When you think about how much data is floating around about each of us, it makes sense to guess that the right combinations of it – collected, sorted, and interpreted in just the right way – might help paint a picture of victory against substance abuse. But where do you start? How do you cut through it? And how can you package it so the people who want to help – legislators, first responders, and others – have the tools to make the best decisions?

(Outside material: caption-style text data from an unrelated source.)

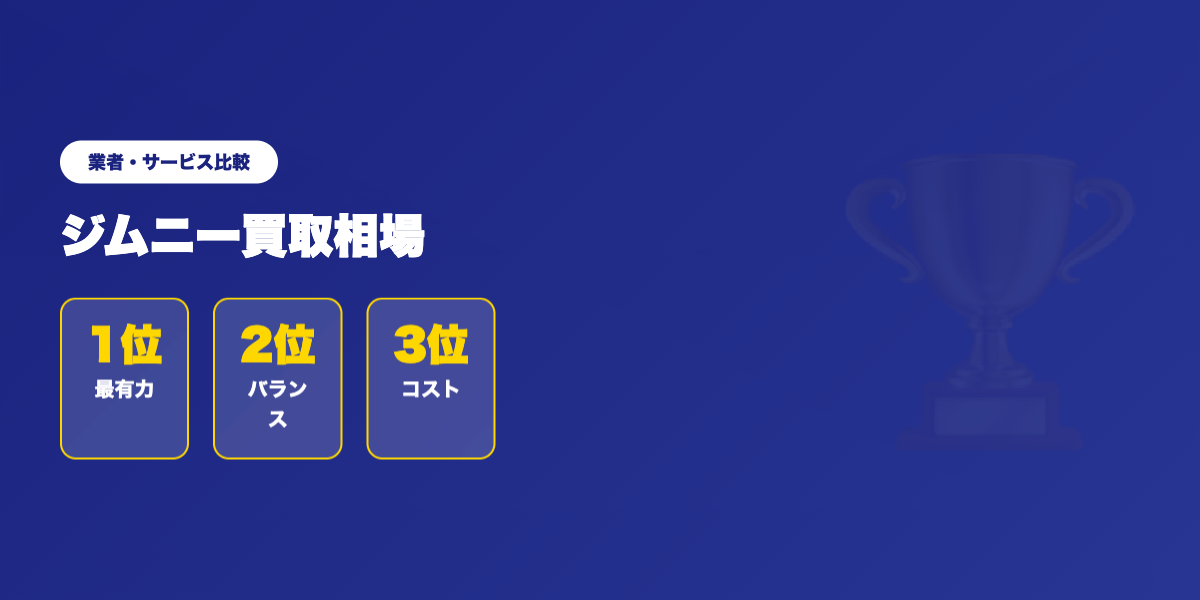 ジムニー買取 業者ランキング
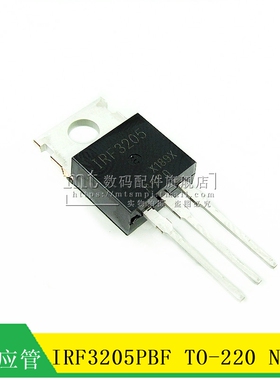 【MT】IRF3205PBF IRF3205 直插 TO-220 N沟道场效电晶体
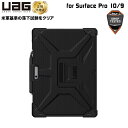 UAG Surface Pro 11 / 10 / 9用ケース MET...(2)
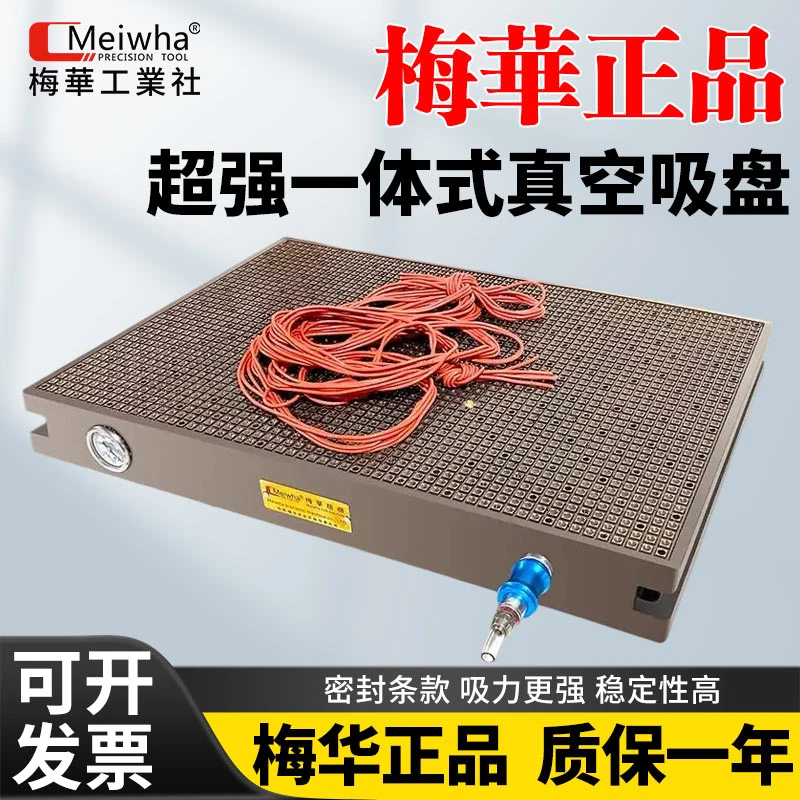 梅华CNC真空吸盘工业加工中心雕刻机超强速吸铝板pvc亚克力不锈钢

For the last decade, behavioral health researcher Michael Abrams Ph.D. ’16, public policy, has combed data collected by public health systems with these precise questions in mind. As director of special research studies for The Hilltop Institute at UMBC, a non-partisan health research organization dedicated to improving the health and well-being of vulnerable populations, Abrams and others have helped entities such as the City of Baltimore Behavioral Health Authority crunch the numbers in a way that allows them to develop meaningful policy. Working with data from hospital admissions records, Medicaid, and the Maryland Department of Health’s Behavioral Health Administration, Abrams and his Hilltop colleagues have produced several reports related to opioid – use disorders and their effects on people and the systems that treat them.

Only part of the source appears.